By Ye Fei (GitHub Account: @tiny-x), an open-source community enthusiast and ChaosBlade committer, participating in promoting the ecosystem construction of chaos engineering in ChaosBlade.
In a distributed system architecture, it is difficult to assess the impact of a single fault on the entire system. This is because there are a wide variety of service components and intricate dependencies between services, and the request procedure is long. Imperfect basic services, such as monitoring alarms and log records, may also cause difficulties in fault response and troubleshooting. Therefore, it is a great challenge to build a highly available distributed system.
Chaos Engineering (CE) was developed specifically to overcome these challenges. Through injecting faults into the system in a controllable range or environment, developers can observe the system behavior and locate the system defects. By doing so, the ability and confidence to deal with chaos in a distributed system due to unexpected conditions are developed. Thus, the stability and high availability of the system are continuously improved.

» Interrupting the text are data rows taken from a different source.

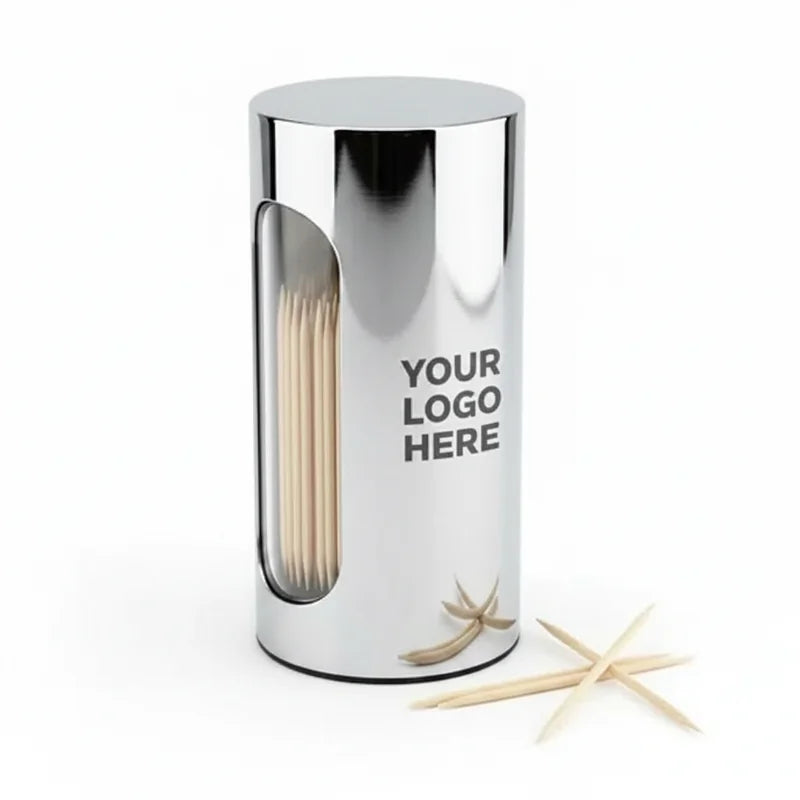 Toothpick Dispenser Branded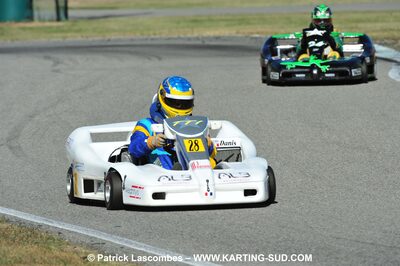 19/09/2010 : Championnat de France KZ125 et KZ125 Gentlemen à Lavelanet (photos Patrick Lascombes) 2010 — karting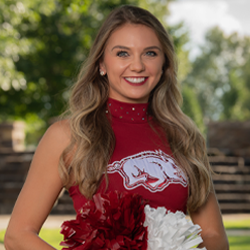 Tira Haag - Spirit Squads - Arkansas Razorbacks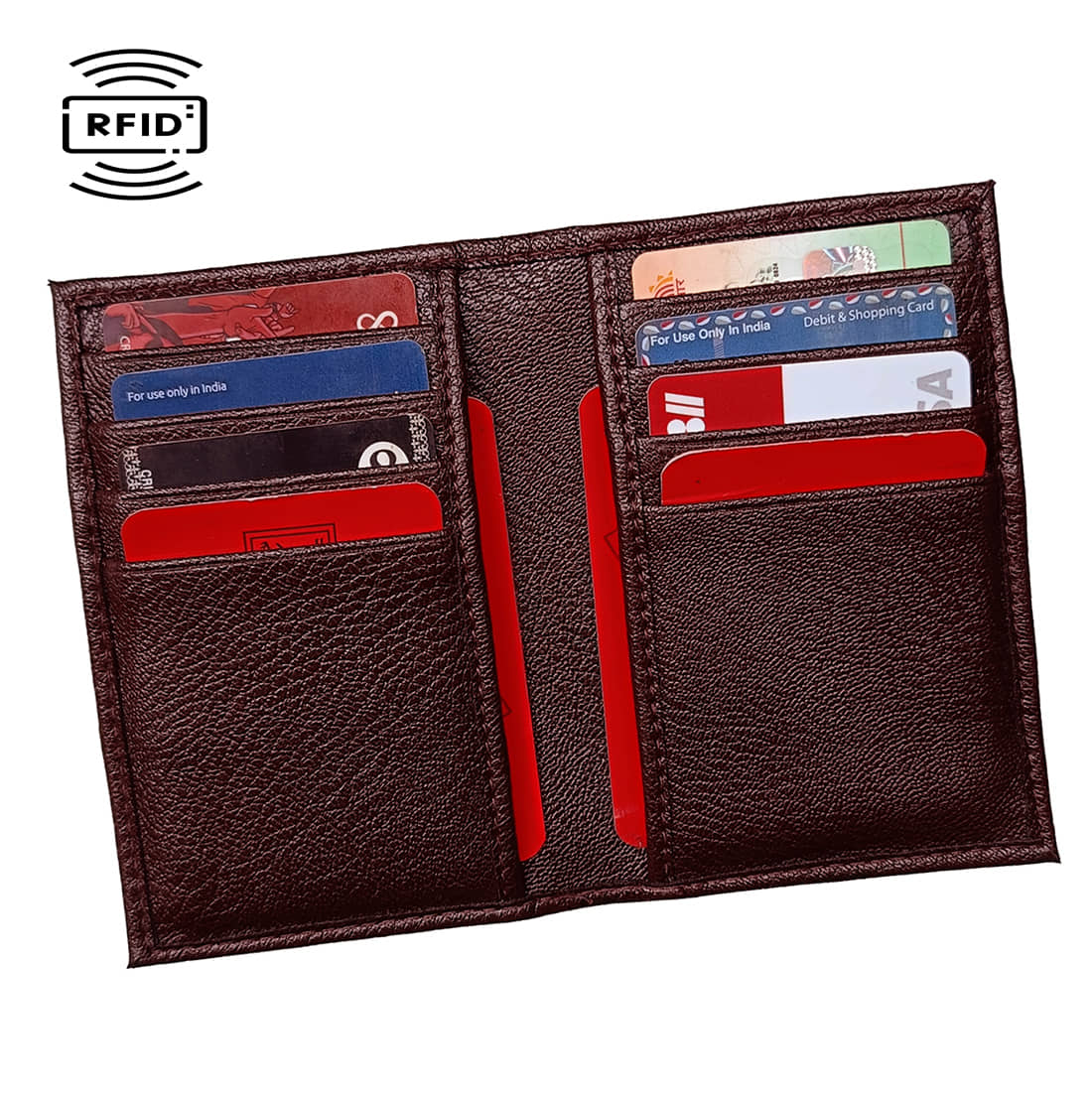 Wingers PU Leather Card Holder ( Pack 1 )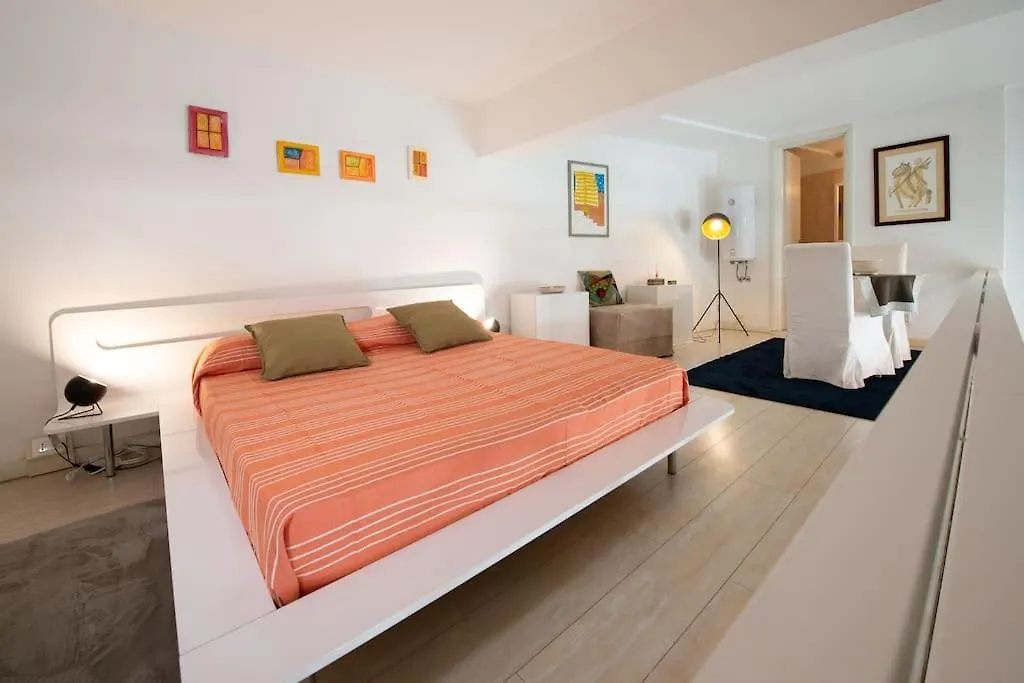 Casa Bartolomeo - Loft In Trastevere Rome Italy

The implementation process of Chaos Engineering is to formulate a chaos experiment plan, define steady metrics, make assumptions of fault-tolerant behavior in the system, execute chaos experiment, check steady metrics in system, and so on. For this reason, the entire chaos experiment process requires reliable, easy-to-use, and scenario-rich chaos experiment tools to inject faults. Complete distributed procedure tracking and system monitoring tools are also required. Tracking and monitoring tools aim to trigger the emergency response and early warning scheme, then to quickly locate the fault, and observe various system data metrics during the whole process.
In this article, we will introduce the chaos experiment tool ChaosBlade and the distributed system monitoring tool SkyWalking. We will also discuss about the high-availability microservices practices of ChaosBlade and SkyWalking through a microservices case.
ChaosBlade is a chaos engineering tool that follows the principles of chaos engineering experiments. It provides extensive fault scenarios to help distributed systems improve fault tolerance and recoverability. It can also implement the injection of underlying-layer faults, and ensure business continuity during migration to the cloud or Cloud Native system. ChaosBlade is easy-to-use, non-invasive, and highly scalable. It can continuously improve system stability and availability through fault injection within a controllable range or environment.
ChaosBlade is easy to use and supports a wide range of experiment scenarios, including the following:
ChaosBlade encapsulates scenarios into individual projects according to the domains. This not only realizes the scenario standardization in the domain, but also facilitates horizontal and vertical scaling of scenarios. By following the chaos experiment model, chaosblade CLI is called in a unified way.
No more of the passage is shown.